На наш взгляд, многие субстанциональные характеристики «странного мира» А. Платонова вытекают из такой особенности его художественного сознания, как мифологизм, что подробно рассматривается в нашей монографии «Мифология языка Андрея Платонова» [Радбиль 1998]. В творчестве А. Платонова удивительным образом совмещены мифологические принципы отражения мира, характерные для архаической стадии истории человечества, и «новая, революционная мифология», рождавшаяся на его глазах в 20-е—30-е гг. XX века.
Интерес к мифу в культуре XX в. активизировался безмерно, что нашло свое выражение в понятии «неомифологического сознания» как родовой черты культуры XX в. [Руднев 1997]. Это во многом объясняется кризисом позитивистски ориентированной рациональной «картины мира» предшествующего XIX в. и осознанием невозможности интеллектуальной интерпретации всего того взрыва иррационализма, который пережило человечество на протяжении XX века.

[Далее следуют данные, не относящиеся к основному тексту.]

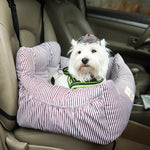 Siège Auto Kennel Chien Chat — Niche Voyage Confort Sécurité Voiture 1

Миф, как пишет И.М. Дьяконов в книге «Архаические мифы Востока и Запада», «есть способ массового выражения мироощущения и миропонимания человека, еще не создавшего себе аппарата абстрактного, обобщающих понятий и соответствующей техники логических заключений» [Дьяконов 1990: 9]. Для мифологического сознания также характерен так называемый «мифологический синкретизм» [Фрейденберг 1978], нерасчлененность и недифференцированность способов познания мира и категорий мышления [Кацнельсон 1947]. Это – миф в его конкретноисторической локализации, миф как стадия развития человеческого мышления (миф в диахронии).
Но, по глубокому замечанию А.А. Потебни, «создание мифа не есть принадлежность одного какого-либо времени» [Потебня, 1990:306]. Мифологическое мышление как способ видения мира и освоения действительности присуще «людям всех времен, стоящим на известной степени развития мысли; оно формально, т. е. не исключает никакого содержания: ни религиозного, ни философского и научного» [Потебня 1990: 303].
Мифологическое сознание – это такой способ концептуализации мира и принцип практического отношения к жизни (поведения), при котором нейтрализованы значимые для человека дискурсивно-логического типа сознания (т. е. для современного «цивилизованного человека») оппозиции. Это, например, такие оппозиции, как реальное / сверхъестественное, одушевленное / неодушевленное, живое / неживое, естественное / искусственное, сказанное / сделанное (слово / вещь), объективное / субъективное, материальное / идеальное и пр.
Ср., например, замечание А.Ф. Лосева в книге «Знак. Символ. Миф»: «Миф отличается от метафоры и символа тем, что все те образы, которыми пользуются метафора и символ, понимаются здесь совершенно буквально, то есть совершенно реально, совершенно субстанционально» [Лосев 1982: 144]. В силу этого у мифа сильна эмоционально-оценочная сторона: это всегда «эмоционально окрашенное событийное осмысление феноменов мира» [Дьяконов 1990: 84].